Requirement: Reproduction of part of the material below, pictures omitted: copy exactly, and only, the lines starting with the one with "AZIMUT 43 FLY" and going on through the one with "Phỏng Vấn Sát Nhân Chapter 36 trang 42".

Records shown:
-=-=-=-=-
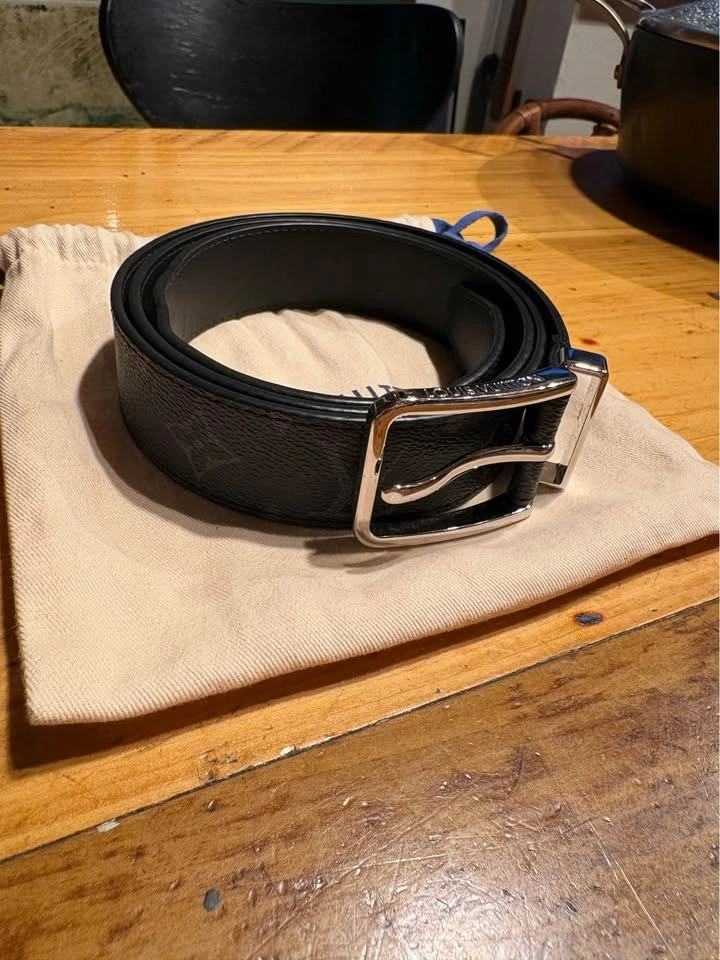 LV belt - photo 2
-=-=-=-=-
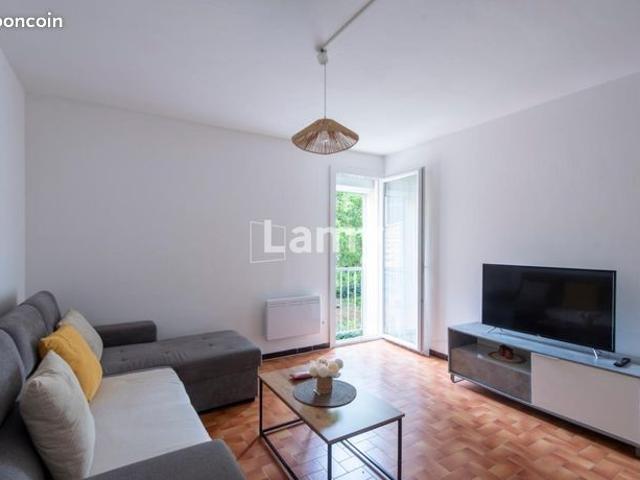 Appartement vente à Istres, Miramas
-=-=-=-=-
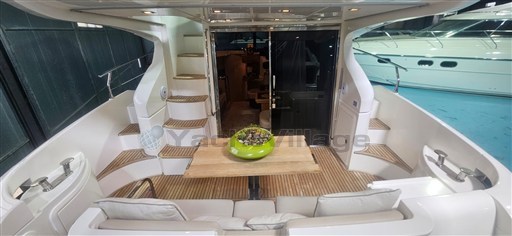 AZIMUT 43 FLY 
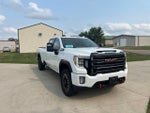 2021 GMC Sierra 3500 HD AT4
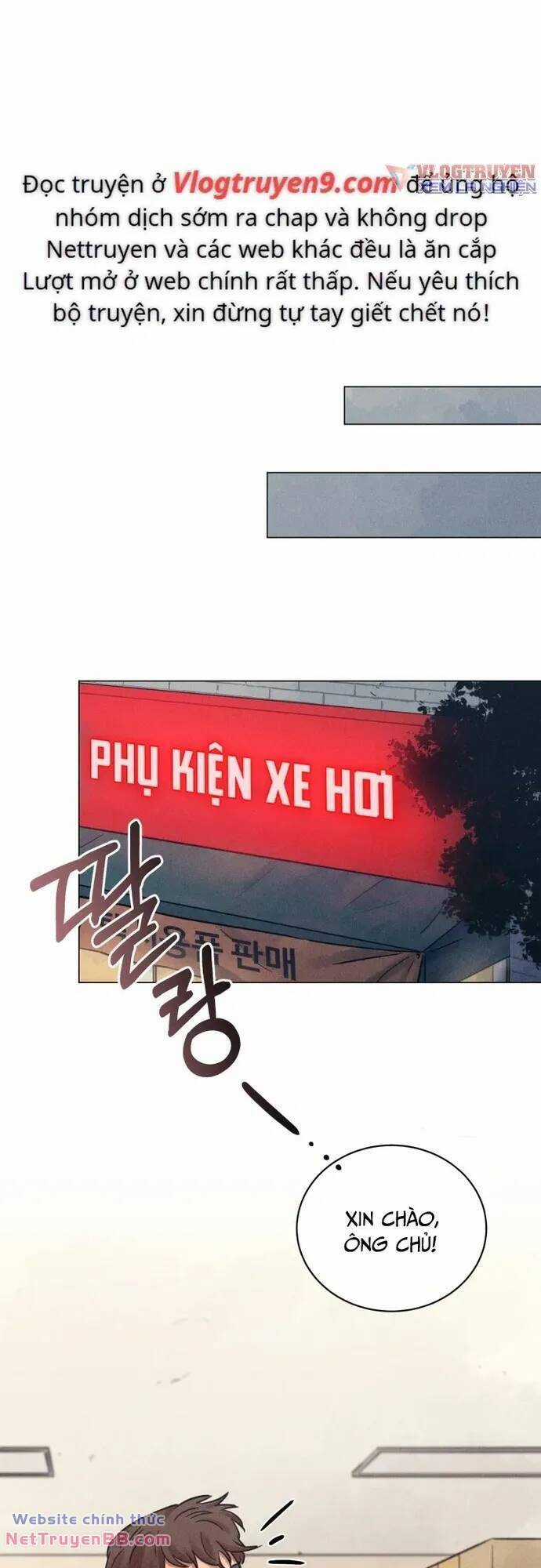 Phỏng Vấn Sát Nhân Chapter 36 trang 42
-=-=-=-=-
Output of the exercise:
 AZIMUT 43 FLY 
 2021 GMC Sierra 3500 HD AT4
 Phỏng Vấn Sát Nhân Chapter 36 trang 42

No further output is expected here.